Your answer should be the exact lines of the data below from the one containing "Dekorativ nephrite jade - 0" through the one containing "Bed and Breakfast"; please include nothing else.

▶ DATA LISTING:
* * * * * * *
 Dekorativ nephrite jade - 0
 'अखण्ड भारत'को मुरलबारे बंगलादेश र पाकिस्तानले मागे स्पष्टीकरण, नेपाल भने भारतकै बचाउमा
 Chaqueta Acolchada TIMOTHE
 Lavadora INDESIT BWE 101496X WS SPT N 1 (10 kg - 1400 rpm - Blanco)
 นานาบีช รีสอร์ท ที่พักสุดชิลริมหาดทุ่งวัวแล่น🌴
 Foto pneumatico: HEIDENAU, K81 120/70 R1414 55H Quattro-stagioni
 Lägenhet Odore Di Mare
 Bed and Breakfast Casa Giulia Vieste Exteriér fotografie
* * * * * * *
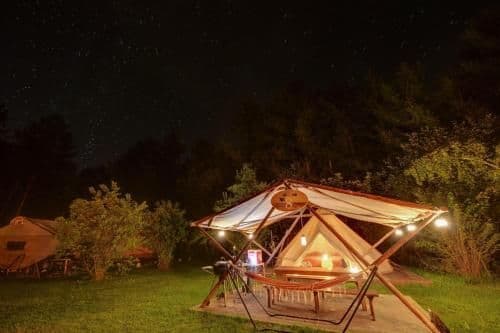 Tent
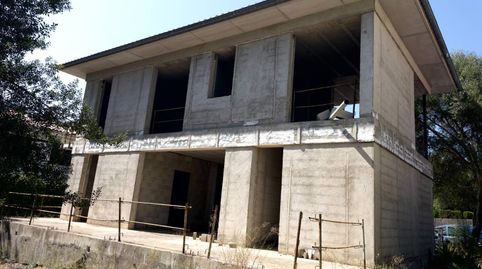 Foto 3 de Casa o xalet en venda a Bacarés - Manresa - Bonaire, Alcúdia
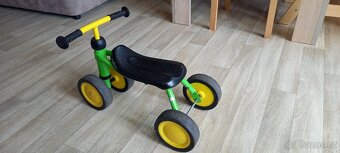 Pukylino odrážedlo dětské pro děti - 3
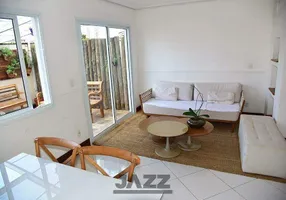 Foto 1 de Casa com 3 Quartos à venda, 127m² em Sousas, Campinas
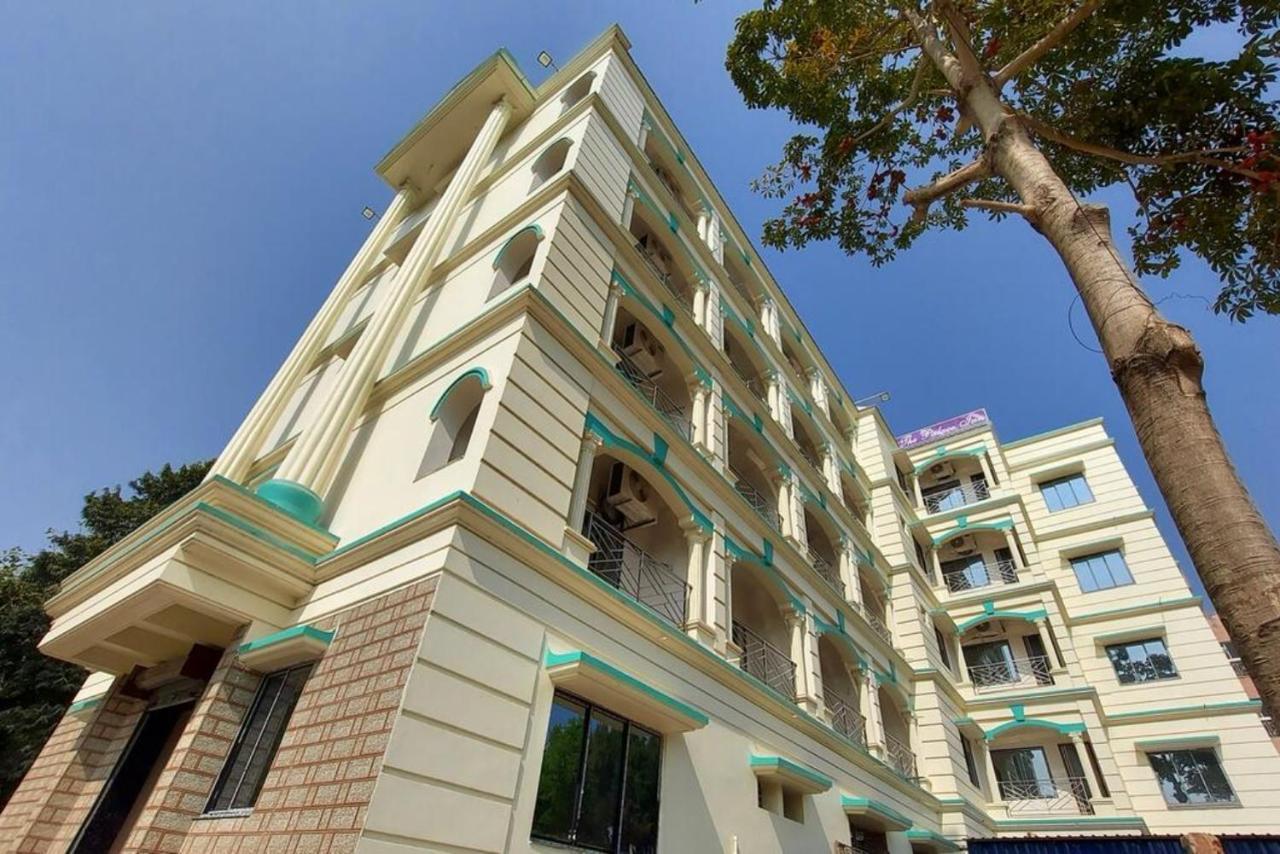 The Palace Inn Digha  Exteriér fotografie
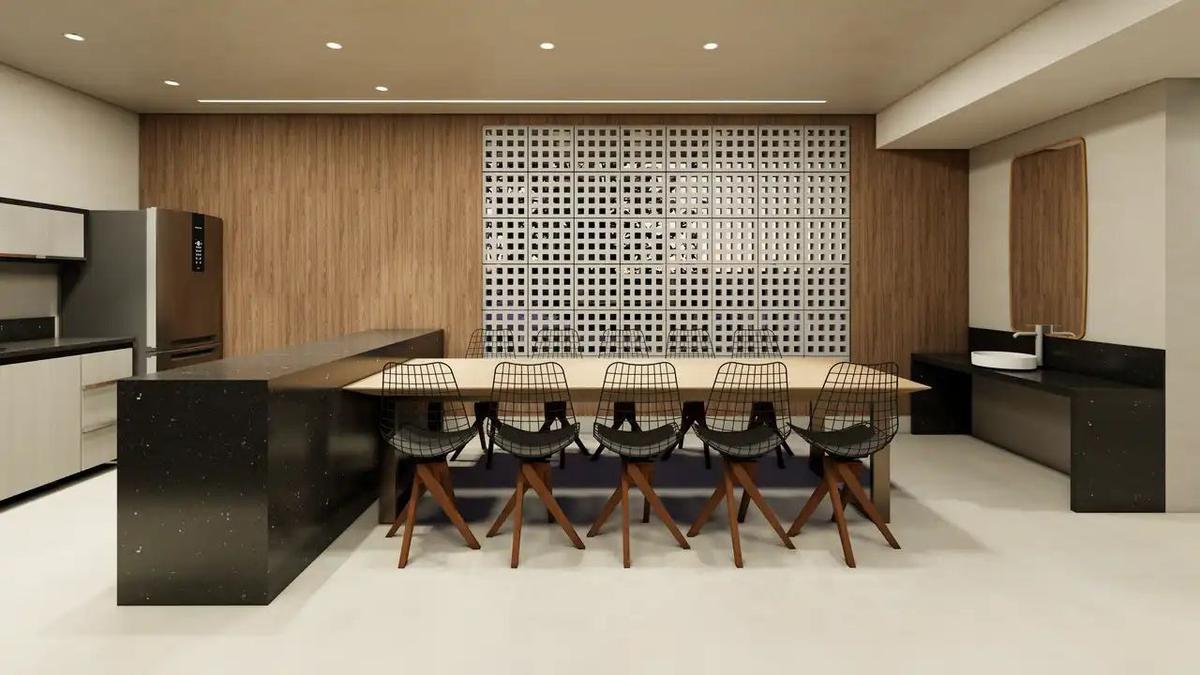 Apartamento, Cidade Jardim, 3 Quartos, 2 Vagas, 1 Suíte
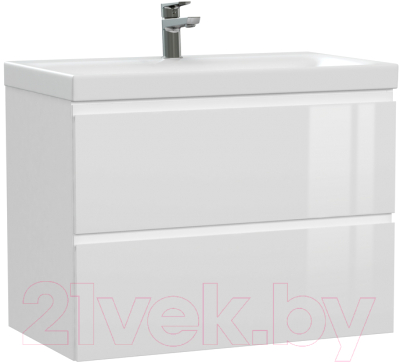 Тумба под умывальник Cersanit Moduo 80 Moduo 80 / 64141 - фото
* * * * * * *
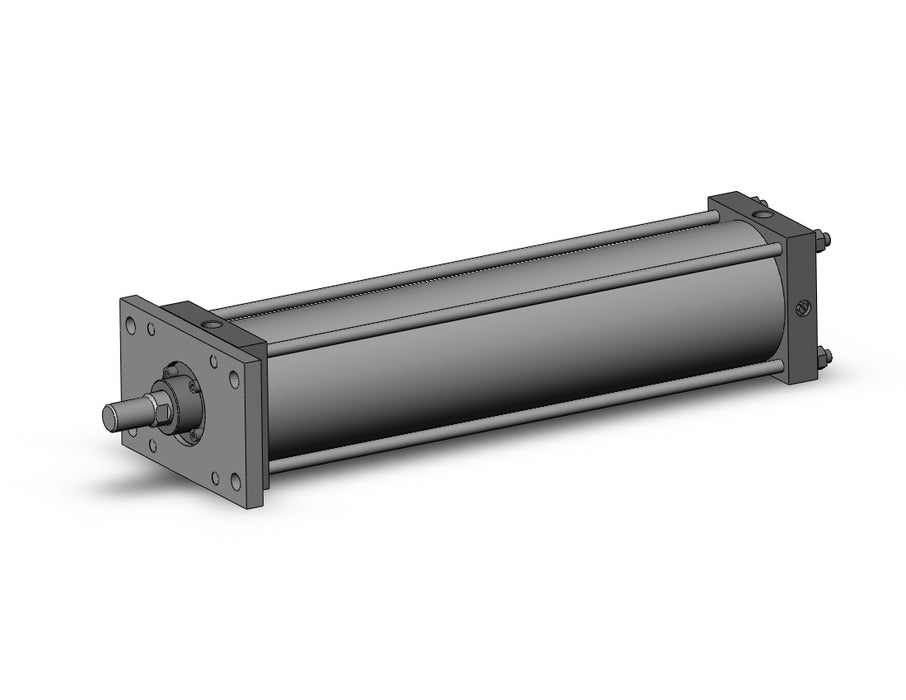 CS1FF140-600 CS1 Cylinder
* * * * * * *
▶ SOLVED PROBLEM:
 Dekorativ nephrite jade - 0
 'अखण्ड भारत'को मुरलबारे बंगलादेश र पाकिस्तानले मागे स्पष्टीकरण, नेपाल भने भारतकै बचाउमा
 Chaqueta Acolchada TIMOTHE
 Lavadora INDESIT BWE 101496X WS SPT N 1 (10 kg - 1400 rpm - Blanco)
 นานาบีช รีสอร์ท ที่พักสุดชิลริมหาดทุ่งวัวแล่น🌴
 Foto pneumatico: HEIDENAU, K81 120/70 R1414 55H Quattro-stagioni
 Lägenhet Odore Di Mare
 Bed and Breakfast Casa Giulia Vieste Exteriér fotografie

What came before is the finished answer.